> _PROVIDED RECORDS_
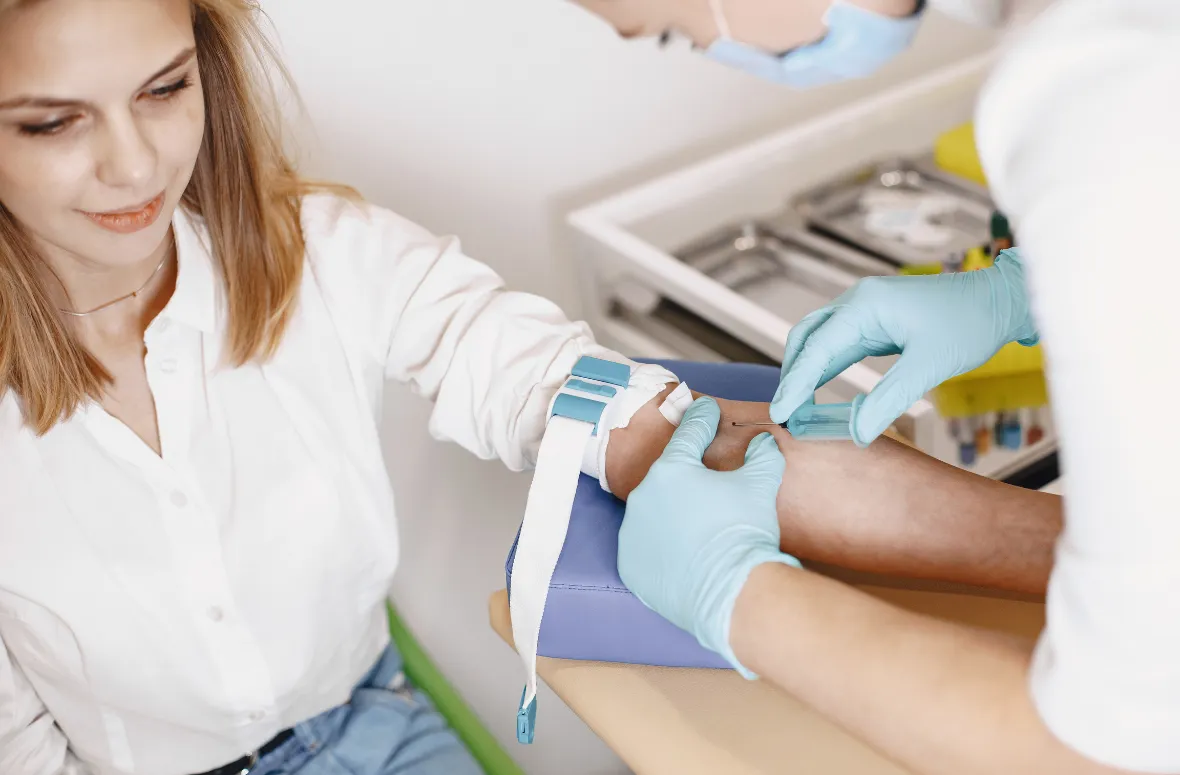 Medical staff assisting in focused blood draw.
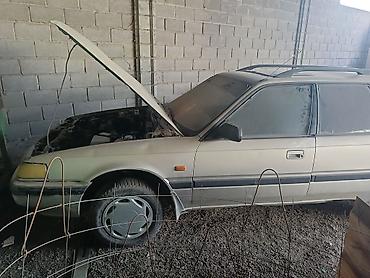 бак бенза: Mazda 323: 1990 г., 2 л, Механика, Бензин, Универсал — 1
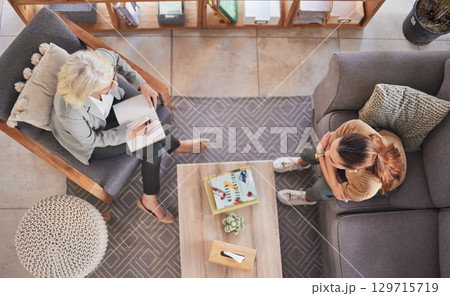 Top view, psychologist and patient woman in consultation office, lounge sofa or talking for anxiety. Senior therapist, depression or mental health for client girl, conversation or discussion above 129715719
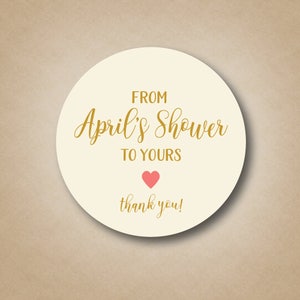 May include: Round white sticker with gold text that says "From April's Shower to Yours" with a pink heart and the words "thank you!"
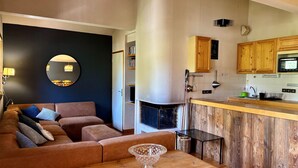 A living room with a sofa, a round mirror, a wooden table with a glass bowl, and a kitchen area with wooden cabinets and a microwave. - Sunny 4-room apartment, south balcony, near cable car (Pralognan-la-Vanoise)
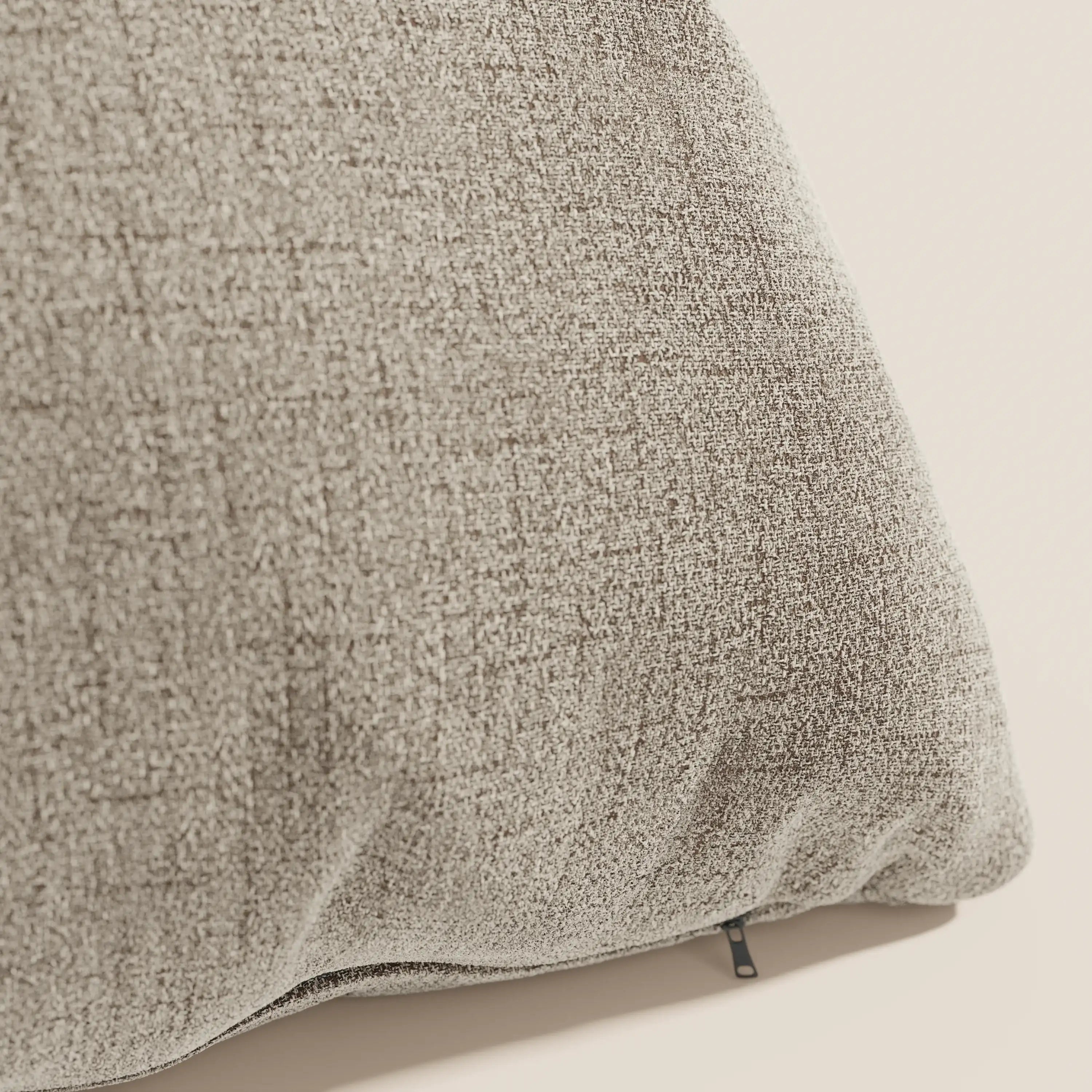 Primo piano del cuscino Felis di Divani.Store, disponibile in tessuto morbido impermeabile T03 beige con trama delicata e zip nera sul bordo per fodera removibile. Sfondo chiaro e semplice.
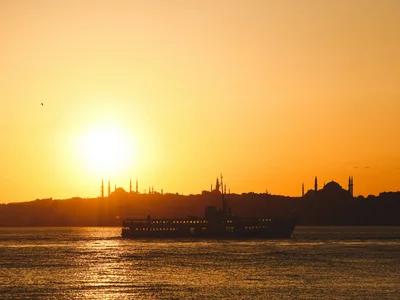 Summer sunset on the Bosphorus in Istanbul. Photo by Yusuf Onuk on Unsplash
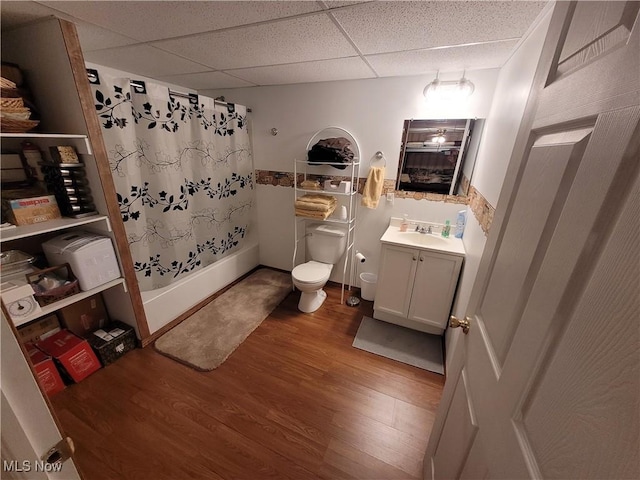 bathroom featuring toilet, a paneled ceiling, shower / bathtub combination with curtain, vanity, and wood finished floors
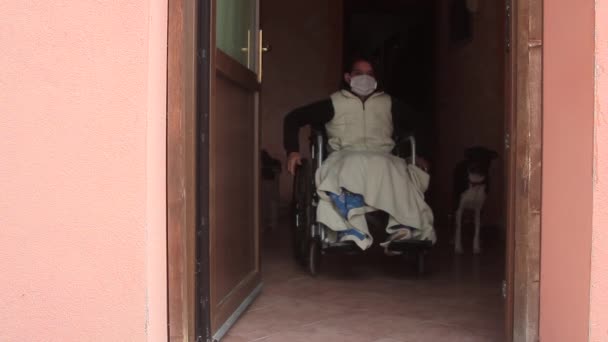 Femme handicapée seule dans un fauteuil roulant avec un masque de protection regardant par la porte des portes ouvertes rester à la maison pour la quarantaine — Video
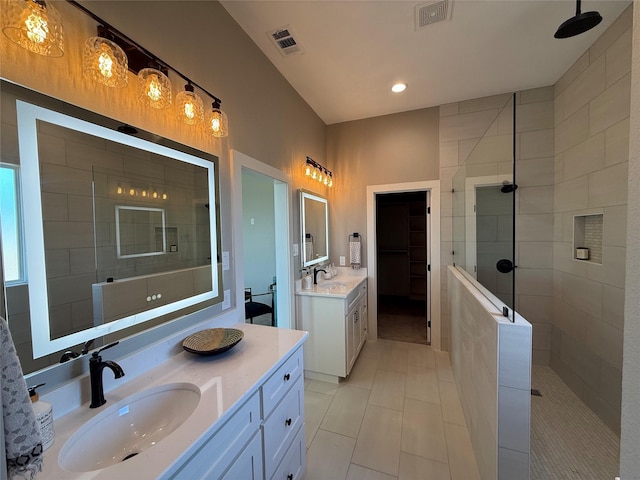 bathroom with vanity, a tile shower, and tile patterned floors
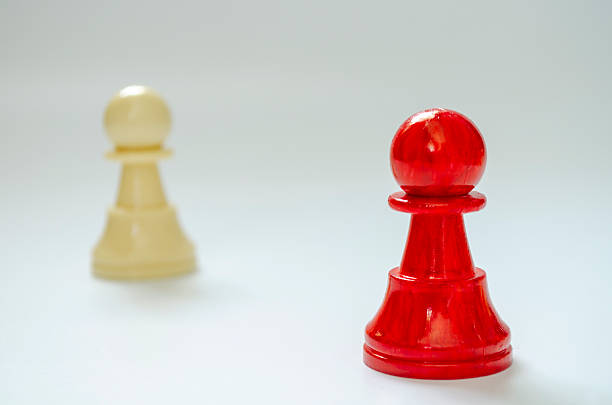 Isolated red pawn with blurred white pawn symbolizing vulnerability and judgment with customizable space for text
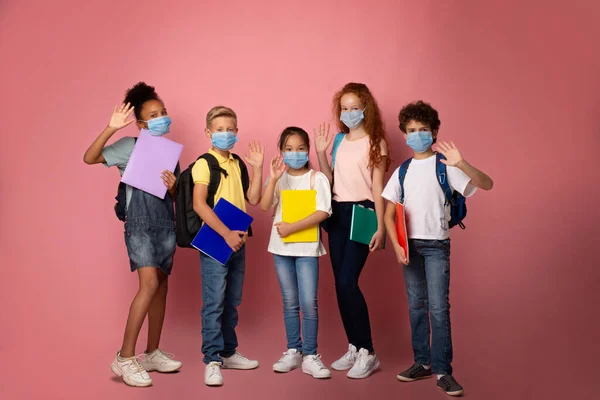 Освіта під час пандемії вірусу. Портрет школярів у медичних масках, що махають на рожевому фоні — стокове фото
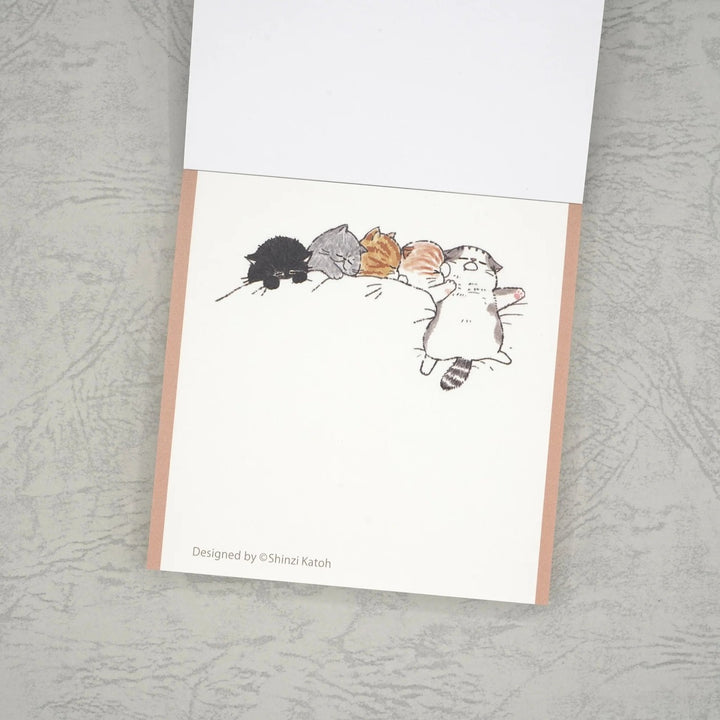Sleeping cats memo sheet design by Shinzi Katoh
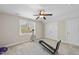 Neutral bedroom featuring exercise equipment, ceiling fan, and a bright window at 629 Houndsditch Cir, Wake Forest, NC 27587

> _WHAT IS NEEDED_
Begin at the first line of the entries and stop after the line holding "бак бенза: Mazda"; repeat those lines exactly, but not the pictures.

> _ANSWER TO THE EXERCISE_
 Medical staff assisting in focused blood draw.
 бак бенза: Mazda 323: 1990 г., 2 л, Механика, Бензин, Универсал — 1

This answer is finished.